Exercise goal. Every line of the material needs an exact copy, apart from the images.

Supplied information.
[Start of Attachment]
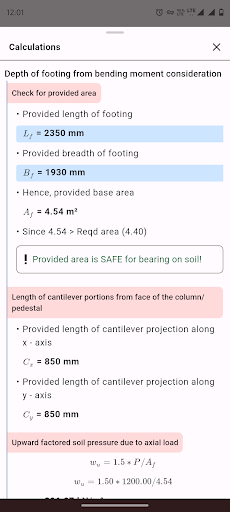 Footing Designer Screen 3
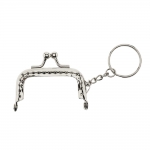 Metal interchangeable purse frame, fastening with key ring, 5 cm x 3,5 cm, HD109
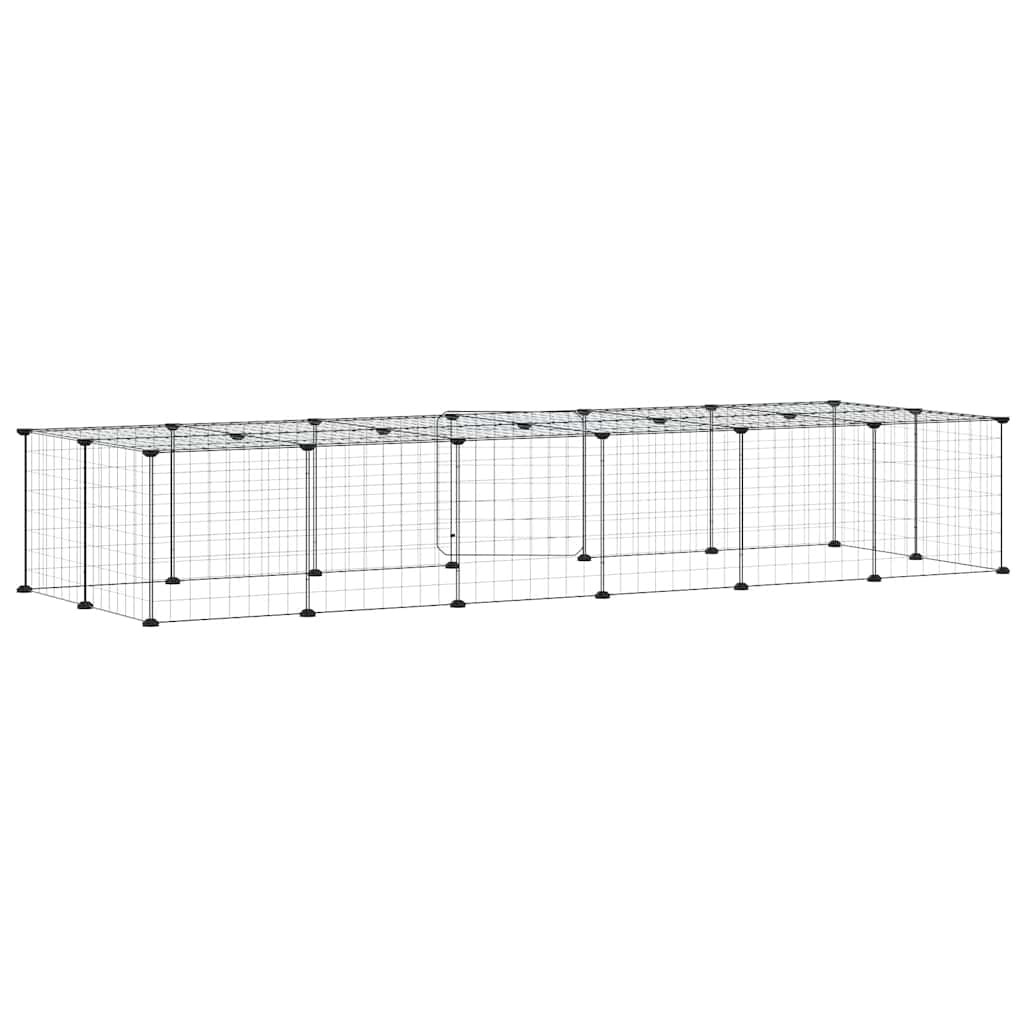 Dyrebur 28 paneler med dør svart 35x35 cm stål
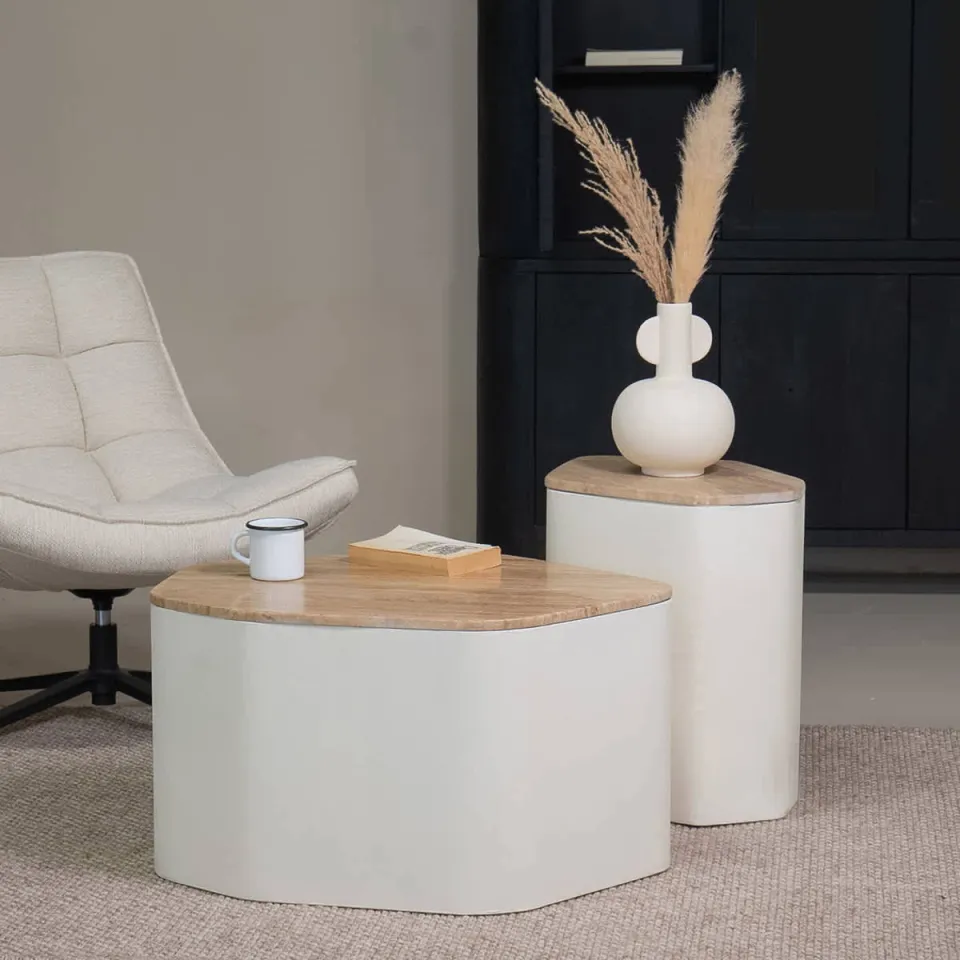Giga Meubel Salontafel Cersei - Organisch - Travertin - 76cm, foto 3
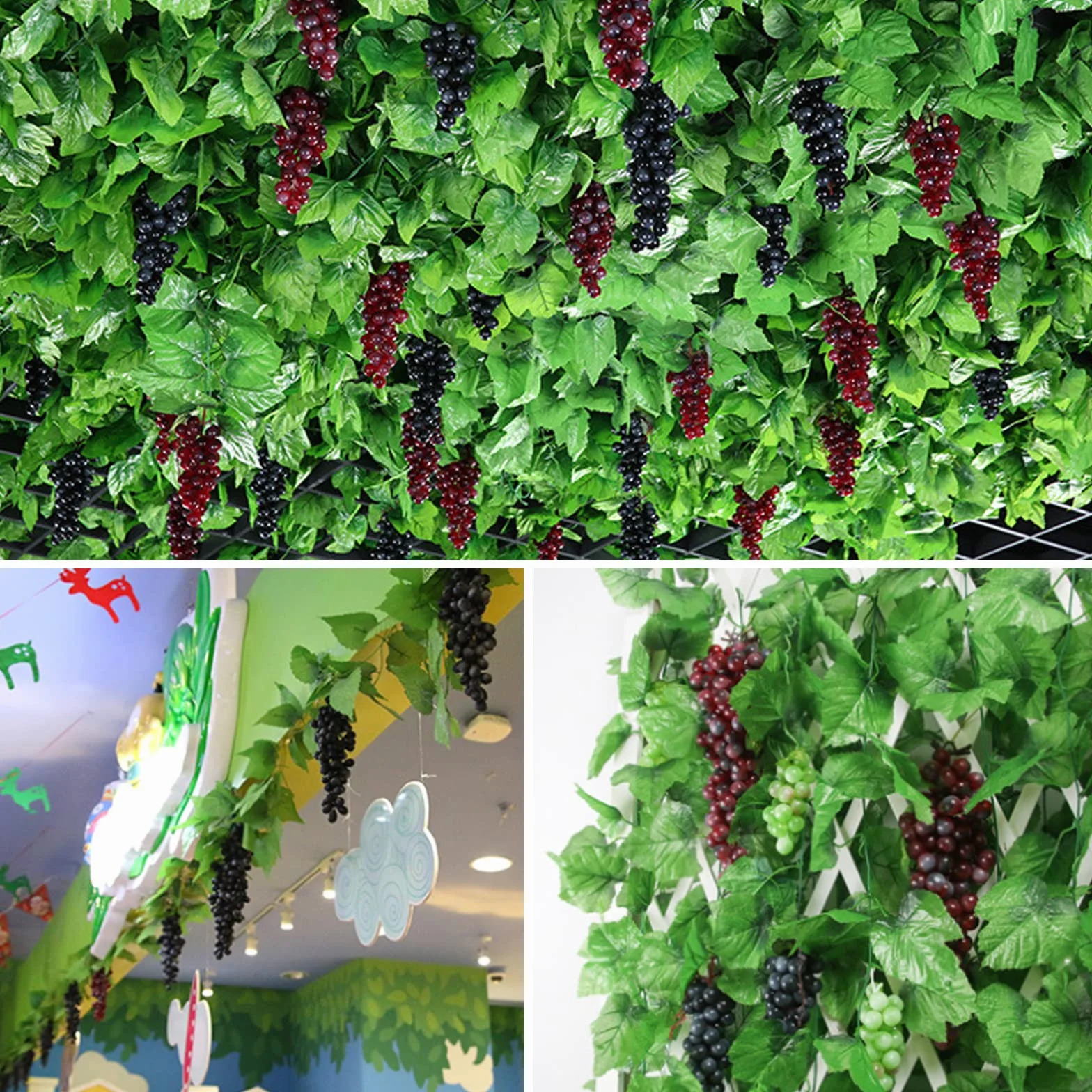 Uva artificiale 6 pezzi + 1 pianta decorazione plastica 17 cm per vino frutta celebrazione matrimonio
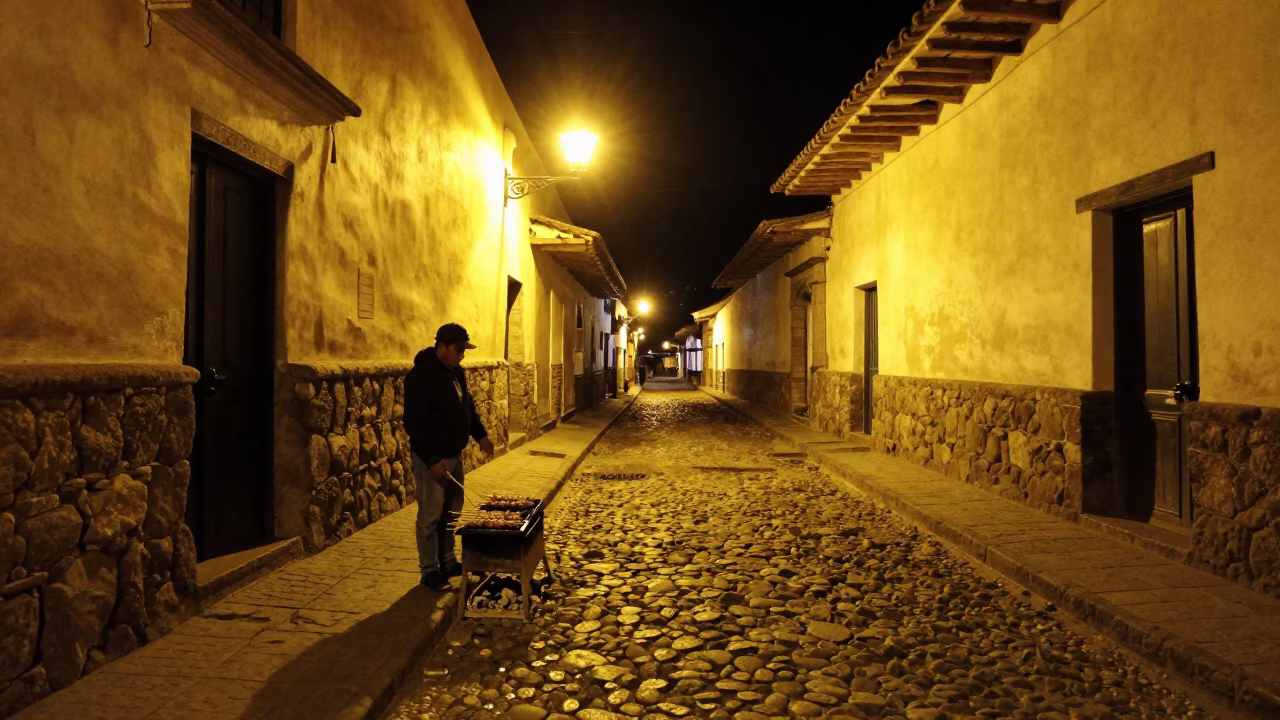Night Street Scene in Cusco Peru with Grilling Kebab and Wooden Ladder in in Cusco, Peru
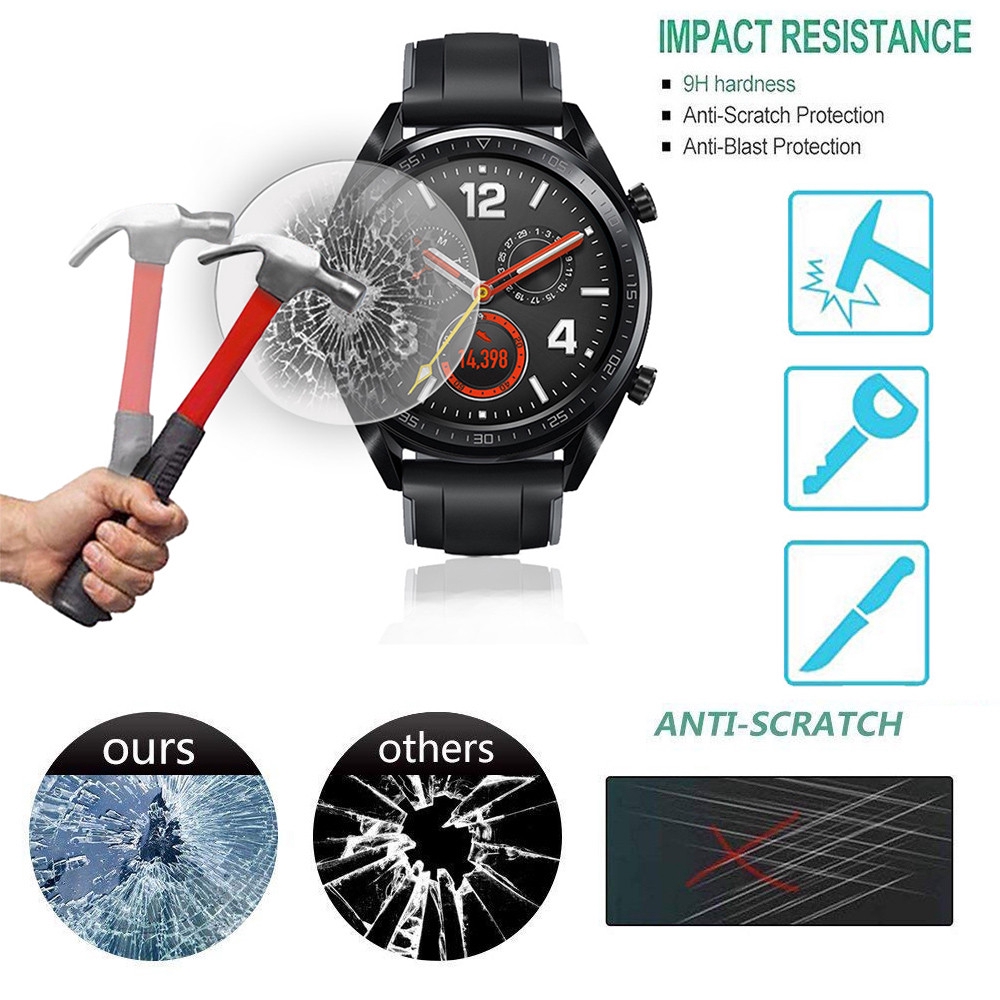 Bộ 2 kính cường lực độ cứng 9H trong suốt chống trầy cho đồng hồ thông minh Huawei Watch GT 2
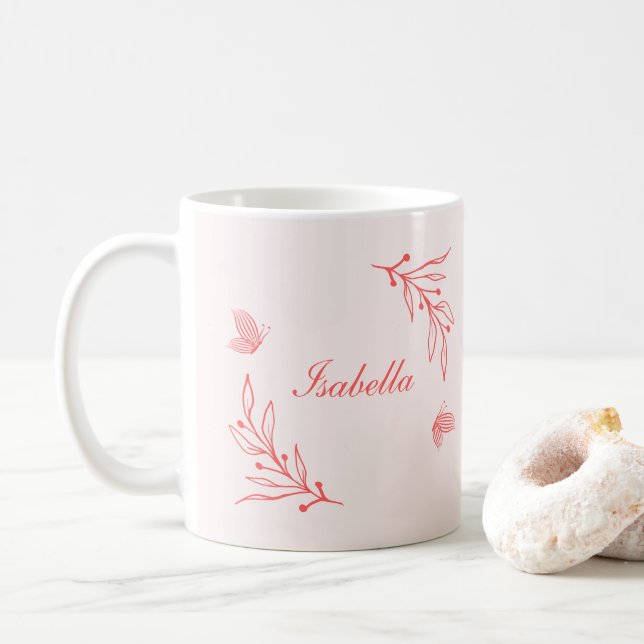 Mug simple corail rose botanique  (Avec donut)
[End of Attachment]
Output below.
 Footing Designer Screen 3
 Metal interchangeable purse frame, fastening with key ring, 5 cm x 3,5 cm, HD109
 Dyrebur 28 paneler med dør svart 35x35 cm stål
Giga Meubel Salontafel Cersei - Organisch - Travertin - 76cm, foto 3
 Uva artificiale 6 pezzi + 1 pianta decorazione plastica 17 cm per vino frutta celebrazione matrimonio
Night Street Scene in Cusco Peru with Grilling Kebab and Wooden Ladder in in Cusco, Peru
 Bộ 2 kính cường lực độ cứng 9H trong suốt chống trầy cho đồng hồ thông minh Huawei Watch GT 2
 Mug simple corail rose botanique  (Avec donut)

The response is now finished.